For us, this Kühne Impact Series is only the first step in a research agenda on sustainable globalization. Climate change is one of the most pressing challenges facing humanity and we believe international trade can play a key role in fighting it. In future work, we aim to substantiate this point and propose new ways of operationalizing it.
- Thomas Nemecek and Joseph Poore (2018): “Reducing food’s environmental impact through producers and consumers”. Science Vol. 360(6392) pp. 987– 992
- William D. Nordhaus (2017): “Revisiting the Social Costs of Carbon”. Proceedings of the National Academy of Sciences of the United States of America.
- Because electricity, gas and water supply is such a strong outlier in our data, which simply comes from the fact that it is the sector involved in producing energy for the rest of our sectors, we will exclude it in most of our subsequent analysis.
- Two things must be mentioned about China: First, China’s territorial emissions only surpassed those of the U.S. in 2006. Second, China is among the countries that have made the largest progress in terms of energy mix in the last decade.

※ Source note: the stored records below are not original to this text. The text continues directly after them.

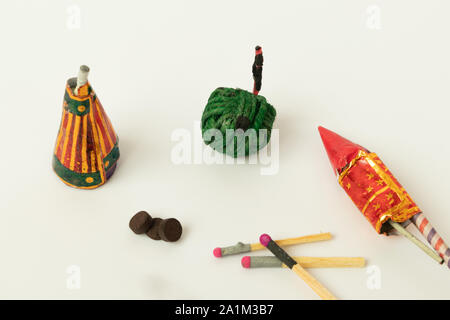 Close up of different types of Diwali Firecrackers on isolated background with copy space. Stock Photo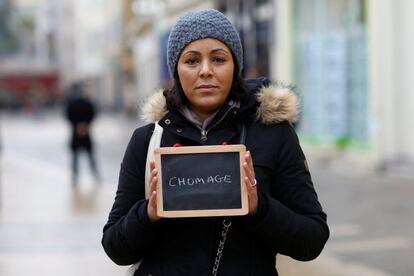 Malika Etchekopar-Etchart, 38, unemployed, holds a blackboard with the word "chomage" (unemployment), the most important election issue for her, as she poses for Reuters in Chartres, France February 1, 2017. She said: "It's more and more difficult to find a job. A few years back, it was a lot easier." REUTERS/Stephane Mahe SEARCH "ELECTION CHARTRES" FOR THIS STORY. SEARCH "THE WIDER IMAGE" FOR ALL STORIES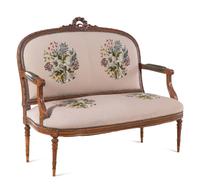 A Louis XVI Carved Walnut Seating Suite with Petit Point Upholstery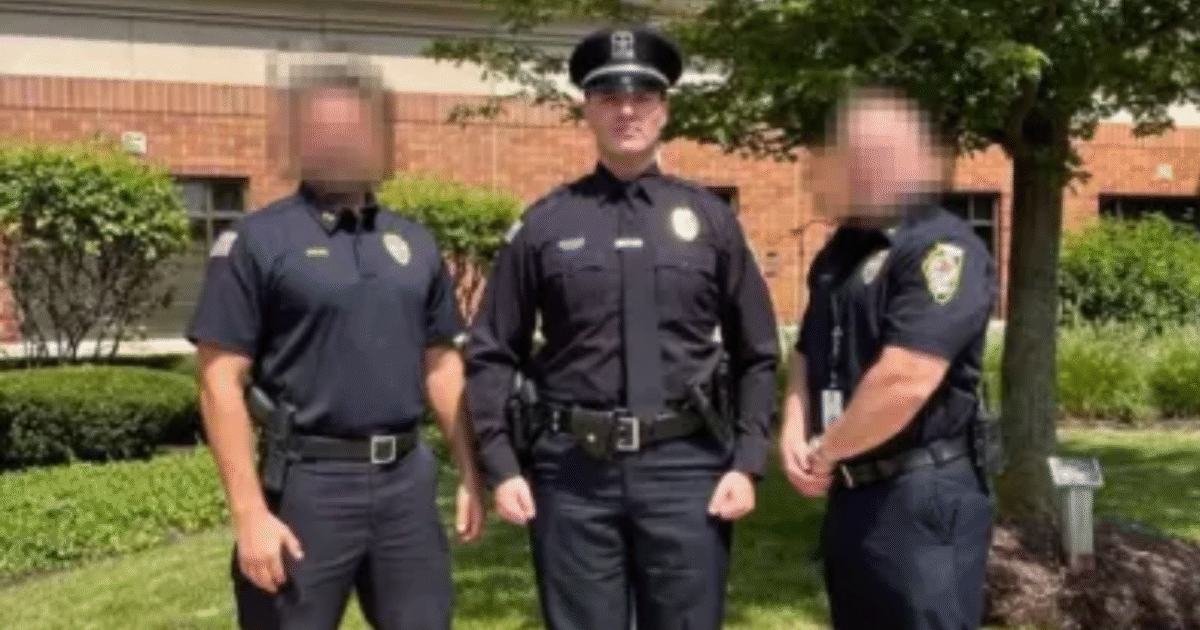 Three police officers in uniform standing together outdoors in front of a brick building surrounded by greenery.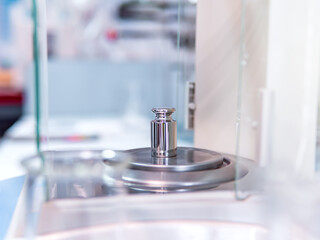 Analytical balance in a laboratory with a metal weight. Concept of laboratory balance calibration.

The national objective of 25% of total energy use from solar and wind energy was reached in 2019.
- Unfortunately, there are a lot of missing values for Central and South Asian countries which later appear as large net exporters of emissions, such as Vietnam or Thailand.
- A. Cristea and D. Hummels and L. Puzello and M. Avetysian (2013): “Trade and the Greenhouse Gas Emissions from International Freight Transport”. Journal of Environmental Economics and Management Vol. 65 pp. 153 – 173
- Joseph S. Shapiro (forthcoming): “The environmental Bias of Trade Policy”. Quarterly Journal of Economics
- In this exercise, transportation enters the input-output table as an input, but we do not explicitly account for different transportation routes and shorter distances, which would also change transportation modes. In other words, we abstract from the “transportation part” of trade.
Acknowledgements: We thank Jacob Pichelmann and Luca Poll for excellent research assistance.